* _WORK REQUIRED_: Write back, word for word, the lines from the one containing "BigBuy360 - bigbuy360.vn" to the end of the listing below. Include nothing else, and no pictures.

* _DATA FOR REVIEW_:
# # # # # # #
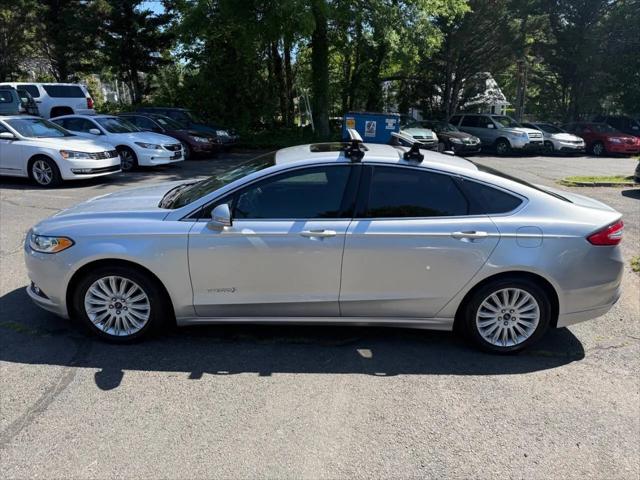 2013 Ford Fusion Hybrid SE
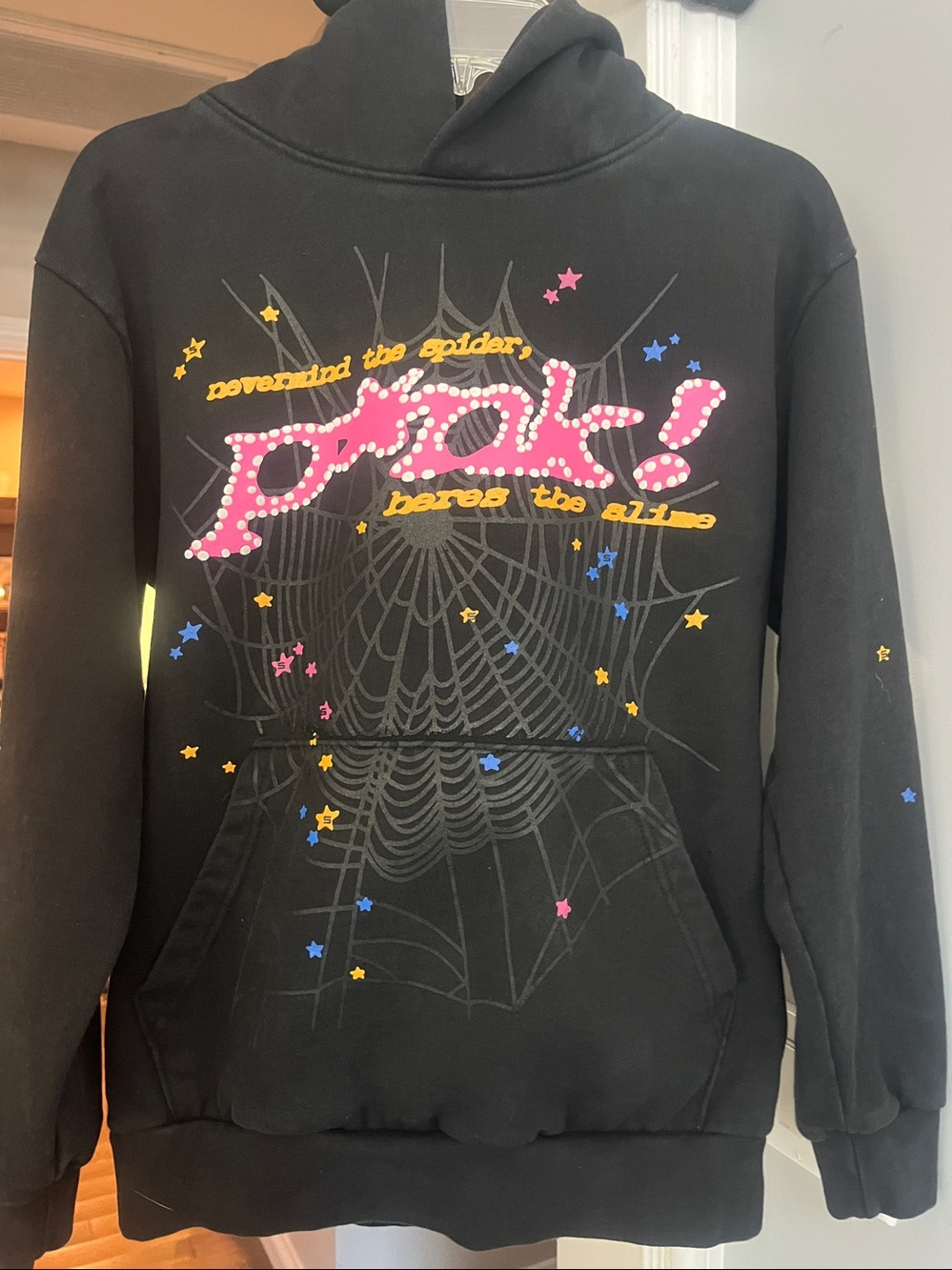 sp5der P*NK Young Thug Unisex Hoodie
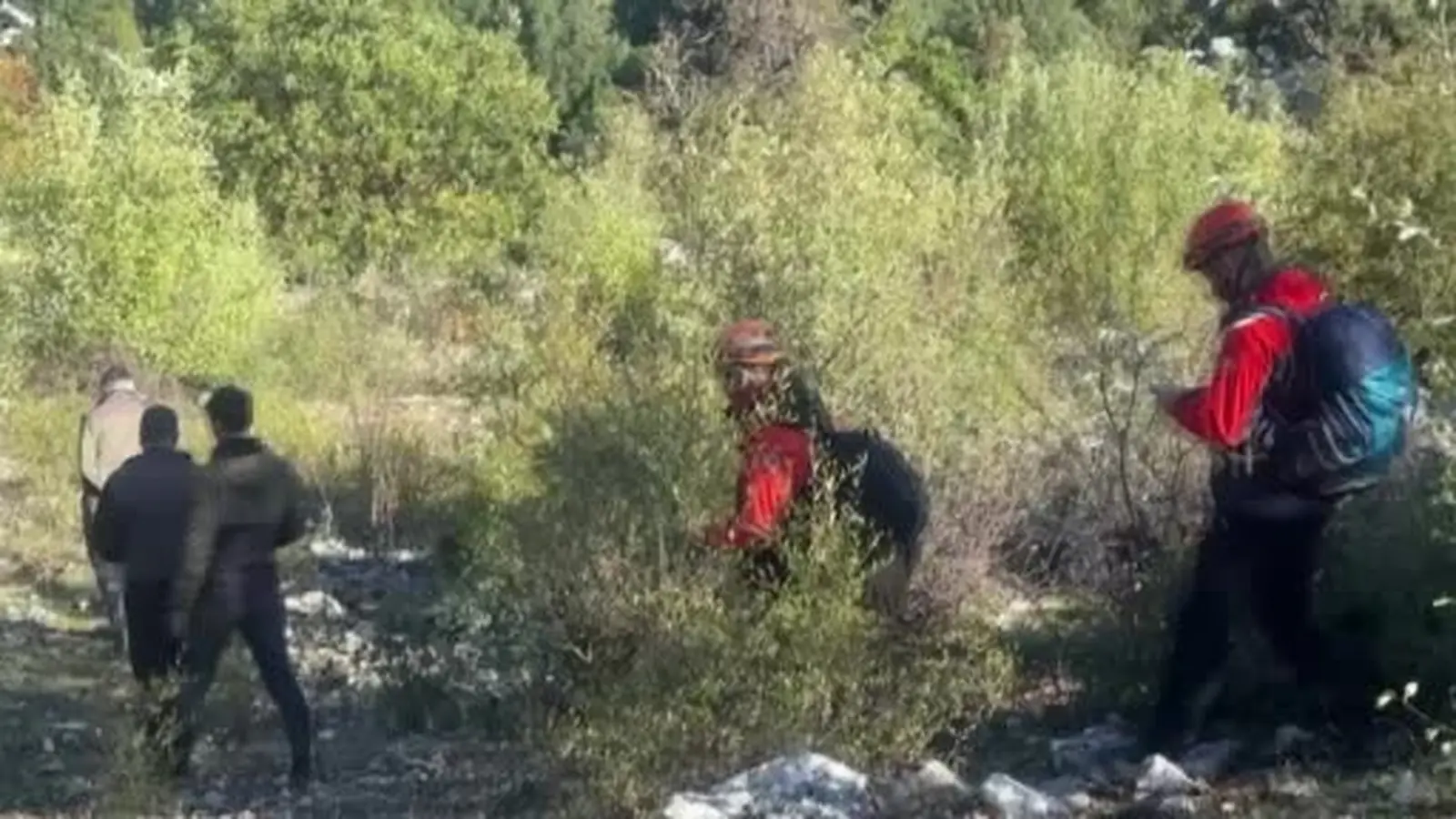 Yazılı Kanyon’da mahsur kalanlar için kurtarma çalışmaları devam ediyor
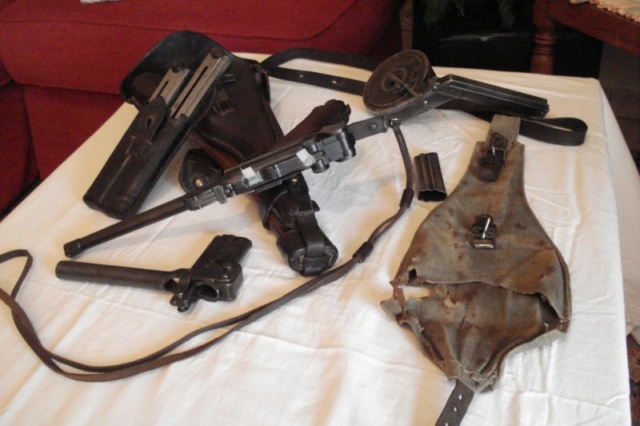 Le Luger P08, sa version artillerie et leurs accessoires  4_157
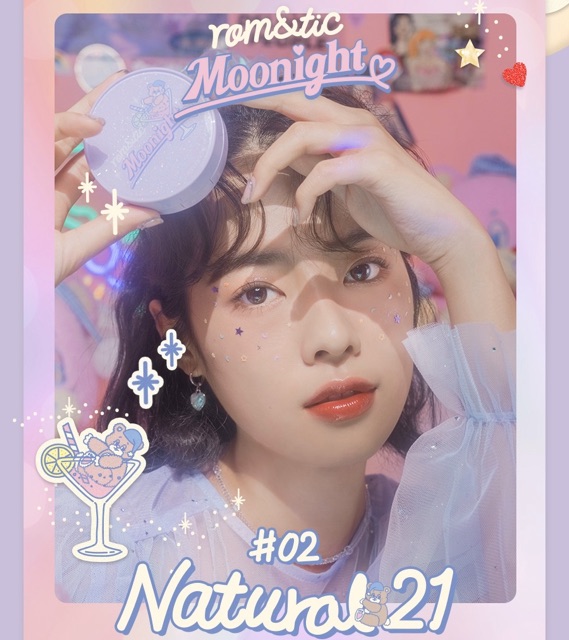 🌙Limited Edition🌙 Phấn Nước Romand Zero Cushion Neonmoon Collection | BigBuy360 - bigbuy360.vn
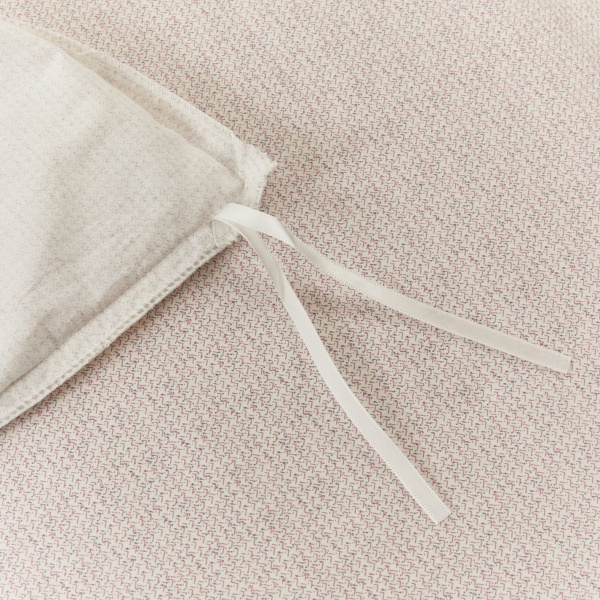 Комплект постільної білизни Berta 1,5 рожевий La Nuit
# # # # # # #
* _EXERCISE SOLUTION_:
 🌙Limited Edition🌙 Phấn Nước Romand Zero Cushion Neonmoon Collection | BigBuy360 - bigbuy360.vn
 Комплект постільної білизни Berta 1,5 рожевий La Nuit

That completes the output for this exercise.